What the task asks: Which lines of the data below hold "with"? Copy each of them.

[Caption-style text data]
╔══

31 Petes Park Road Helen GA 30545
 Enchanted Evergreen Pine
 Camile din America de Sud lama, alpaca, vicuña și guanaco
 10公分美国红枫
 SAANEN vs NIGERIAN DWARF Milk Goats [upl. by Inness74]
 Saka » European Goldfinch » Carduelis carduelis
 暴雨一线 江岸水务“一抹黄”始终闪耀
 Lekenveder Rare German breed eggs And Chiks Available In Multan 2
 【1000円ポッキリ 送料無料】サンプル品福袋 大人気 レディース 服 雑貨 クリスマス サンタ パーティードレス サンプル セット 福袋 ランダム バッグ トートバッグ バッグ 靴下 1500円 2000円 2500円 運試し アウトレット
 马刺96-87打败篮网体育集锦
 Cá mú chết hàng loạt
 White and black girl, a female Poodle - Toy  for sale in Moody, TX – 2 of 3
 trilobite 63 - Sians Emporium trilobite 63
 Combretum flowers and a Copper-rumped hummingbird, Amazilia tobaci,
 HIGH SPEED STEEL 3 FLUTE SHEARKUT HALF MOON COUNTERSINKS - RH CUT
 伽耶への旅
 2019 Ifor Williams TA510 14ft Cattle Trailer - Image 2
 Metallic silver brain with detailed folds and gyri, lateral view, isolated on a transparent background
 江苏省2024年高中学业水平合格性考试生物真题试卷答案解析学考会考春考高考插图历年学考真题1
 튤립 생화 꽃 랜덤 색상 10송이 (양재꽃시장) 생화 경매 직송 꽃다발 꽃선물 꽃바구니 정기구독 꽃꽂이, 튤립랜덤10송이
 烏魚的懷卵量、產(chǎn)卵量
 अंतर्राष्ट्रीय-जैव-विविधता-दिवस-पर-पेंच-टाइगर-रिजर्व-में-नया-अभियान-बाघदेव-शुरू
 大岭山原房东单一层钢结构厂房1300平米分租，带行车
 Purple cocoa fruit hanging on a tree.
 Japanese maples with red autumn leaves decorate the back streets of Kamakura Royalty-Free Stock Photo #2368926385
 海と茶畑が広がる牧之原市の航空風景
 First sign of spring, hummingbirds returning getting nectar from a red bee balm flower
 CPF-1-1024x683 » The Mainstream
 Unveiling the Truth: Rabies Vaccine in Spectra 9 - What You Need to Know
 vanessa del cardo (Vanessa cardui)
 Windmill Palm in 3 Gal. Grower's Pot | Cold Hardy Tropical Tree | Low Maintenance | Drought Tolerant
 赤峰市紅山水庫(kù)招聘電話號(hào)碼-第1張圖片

╚══

Reply:
 Metallic silver brain with detailed folds and gyri, lateral view, isolated on a transparent background
 Japanese maples with red autumn leaves decorate the back streets of Kamakura Royalty-Free Stock Photo #2368926385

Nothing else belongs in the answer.